Kadın kadının kurdu mudur?

1485049486839

Cevabı en baştan söyleyeyim.

Bu önyargı, kadınların hayatını tutsak etmiş ataerkil zihniyetin palavralarının içinde en sinsi ve en zehirli olanıdır.

Feminist avukat Feyza Altun’a bile kendisine <<eziyet eden>> kadınlarla ilgili birkaç hikaye anlattıktan sonra <<kadınların kadınlarla ne alıp veremediği var henüz çözemedim>> dedirtecek kadar içimize işlemiş bir yalandır.

Bu konudaki en büyük efsane ise işyerinde birbirini çekemeyen kadın figürüdür. Özellikle de kadın çalışanlara mobbing uygulayan kadın patron.

Bu konuda Kuzey Amerika’daki bir araştırma merkezi, İş yerinde Zorbalık Enstitüsü (Workplace Bullying Institute) <kraliçe arı sendromu> gibi zırva teorileri haksız çıkaran bir araştırma yayımladı. İş yerinde çalışanlarına zorbalık yapan yöneticilerin %69’u erkek %31’i ise kadınlardan oluşuyor. İş yerindeki cinsiyetçi davranışların %50’si yalnızca erkeklerden, %33’ü kadın ve erkeklerden, sadece %2’si ise yalnızca kadınlardan kaynaklanıyor. Yine Catalyst isimli Kuzey Amerika kökenli bir STK’nın 2012 yılında yaptığı araştırmaya göre kariyerinde tırmanırken yardım alan kadınların %65’i gençlerin yükselmesine yardımcı olurken, bu oran aynı durumdaki erkeklerde %56’da kalıyor. Aynı araştırmaya göre, kadınların 4’te 3’ünden fazlası, diğer kadınların kariyerinde yükselişini aktif olarak destekliyor.

Ataerkinin en büyük korkusu kadın dayanışmasıdır. Kadın, eline moda dergilerindeki rol model tutuşturularak dünyaya baktığı evinin penceresinin önünden er geç kalkacak, sokağa çıkarak başka kadınlarla el ele tutuşacaktır.
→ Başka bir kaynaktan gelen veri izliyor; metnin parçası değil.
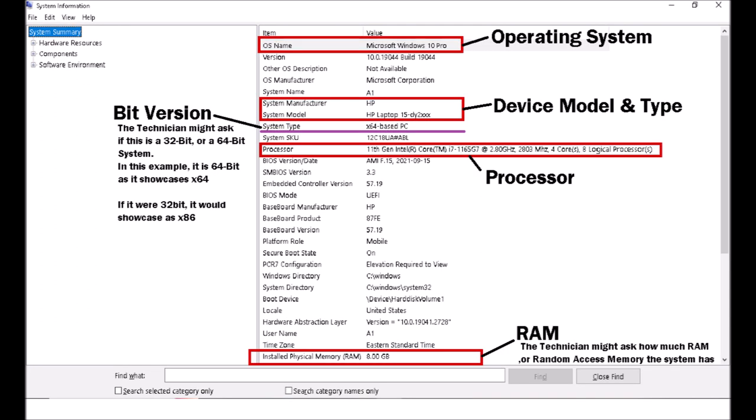The following is an example of my device and my system information. Yours will look different however the list will be the same.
Ataerkil düzende kadın, erkek onayı üzerinden var olur. Erkek, bir nevi jüridir ve kadını başka kadınlarla kıyaslama üzerinden sürekli sınava tabi tutar. Bazı durumlarda kadınların yanılgıya kapılıp başka kadınları eleştirir hale gelmesi bu düzende var olma çabası içinde fark edilmeden düşülen bir hatadan ibarettir. Suç kadınlarda değil, onlara tek başlarına hayatta kalma şansı tanımayan sosyal zorbalıktadır.
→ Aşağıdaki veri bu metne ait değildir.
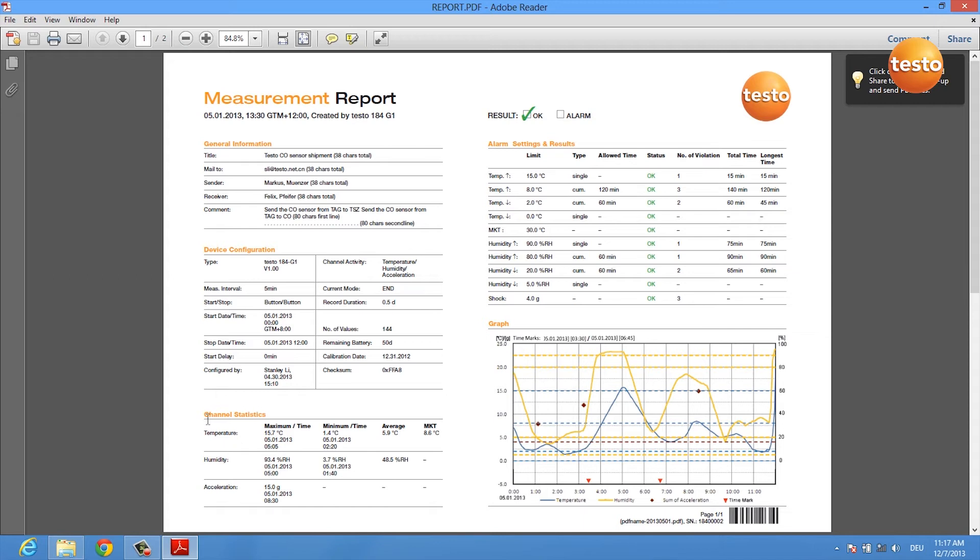And you get some statistics for each channel including MKT calculation. You are informed if there has been an alarm or not, which is very important.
Kadına düşman kadın efsanesi çok küçük bir azınlığın gerçeğini temsil ediyor. Kıskançlık ve başkalarının, özellikle de kadınların üzerine basarak yükselme güdüsü istatistiksel verilere göre daha çok erkeklerde görülen insani bir zaaftır.
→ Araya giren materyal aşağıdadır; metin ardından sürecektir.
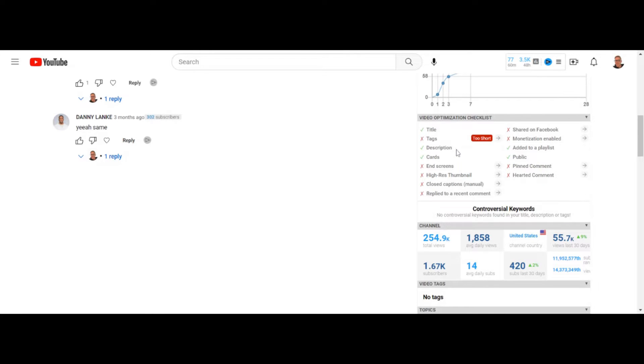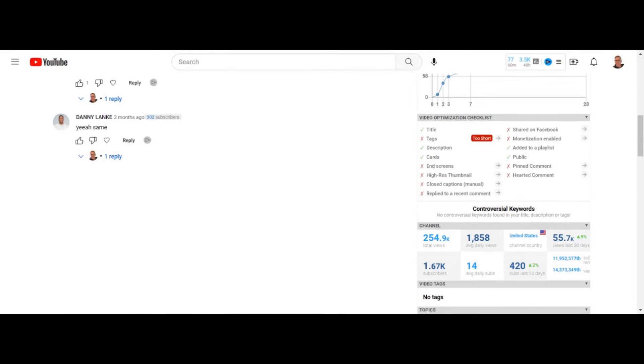Description is huge — I would say fill as many words in the description as you can. Cards have zero SEO score indicators whatsoever — the cards do not matter. I don't put any cards in any of my videos. High resolution thumbnail — that's important. Closed captions manual — I just use the YouTube captions, it's not a big deal, and I have great success not touching captions whatsoever.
Bu efsanenin uydurulmasının o kadar masum gerekçelere dayandığını da pek sanmıyorum. Ataerkide esas tehlike, diktatörün karşısında ezilen halkları temsil eden kadınların dayanışmaya geçip, eşitsizliklerle savaşmasıdır. Feminizm kadınları bir araya getirir. Feminist kadınlara yönelik tüm çirkin, deli suçlamaları da bu korkunun öfkeyle beraber su yüzüne çıkan halidir.

Dünya her gün, birbirinden daha haberdar, daha kararlı feministlerle doluyor.

Suyun aktığı yönün tersine yüzmeye çalışıyor olabilirsiniz, er geç akıntı sizi yutacaktır.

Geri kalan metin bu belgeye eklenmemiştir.